Graph 2. Estimates of employed, unemployed and persons outside the labour force in Greece. Source: Elstat. 

 

Which brings us to question B. Maybe wages are, despite considerable slack on the labor market, rising rapidly because of insider-outsider effects or whatever, meaning that they do contribute to the sudden increase of inflation. No. Graph 3 shows that nominal wages are, after a piecemeal increase in the actually going down and are still a lot lower than in 2010. Inflation is going up despite lower wages. It has to go down, of course. But investing in food and energy bottlenecks, seems the way ahead. Crushing the economy will only prolongue this bout of inflation as it will postpone badly needed investments in solar, wind, natural gas (replacing coal by natural gas is a wise thing to do, in the short and medium run), insulation (the future is hot) and irrigation.
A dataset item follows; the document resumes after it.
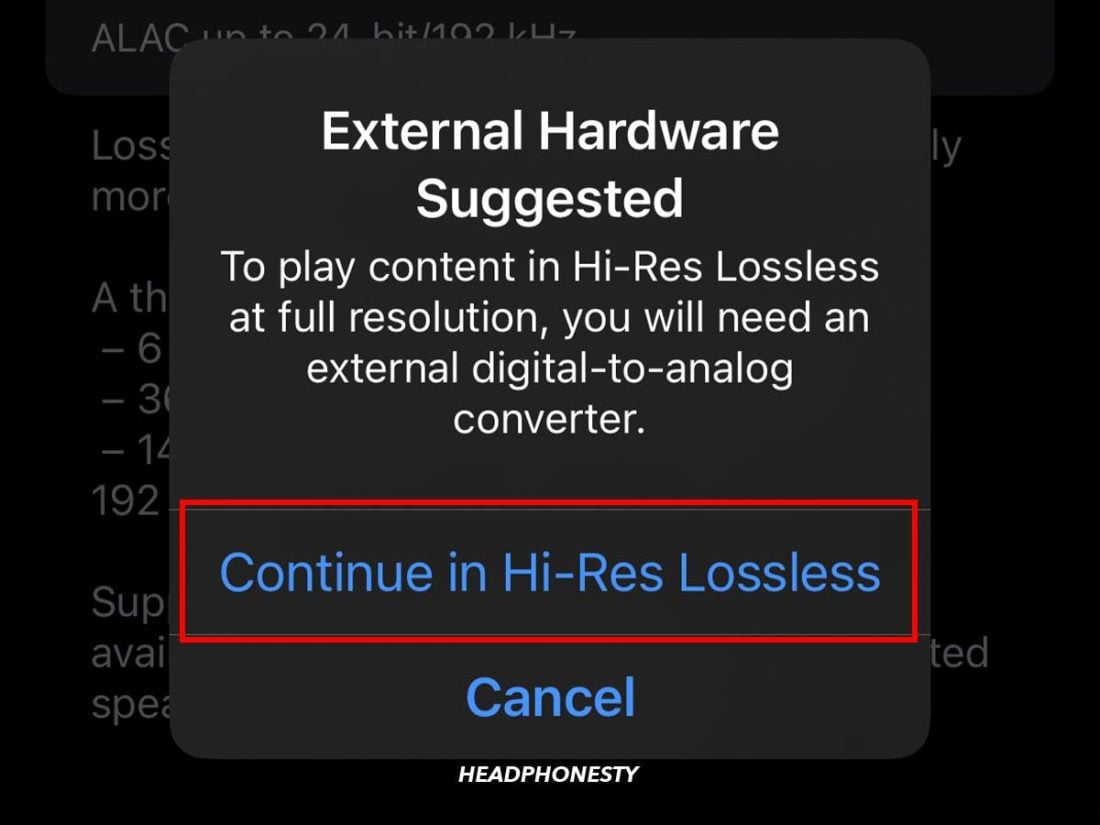 Confirming Hi-Res Lossless option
This time, we can lower inflation by a targeted increase of spending, not by decreasing it or by increasing already double digit unemployment (note: youth unemployment is the EU is already on the rise, again). I admit: interest rates were ridiculously low. But this is the wrong time to increase them. Aside: this idea that interest rates have been remarkably low and other macro economic policies should have been pursued is shared by progressive people like Varoufakis (in 2016 already) and Mason, even when Mason shows that low rates did contribute a lot to a decline of indebtedness in the USA. But that’s the point. the Central Bank interest rate is one of the most important prices in the economy – but it might not always be the best tool for macro managing the economy. Now, it surely isn’t.

Graph 3. Nominal labour costs in Greece, Industry, construction and services. Source: Eurostat.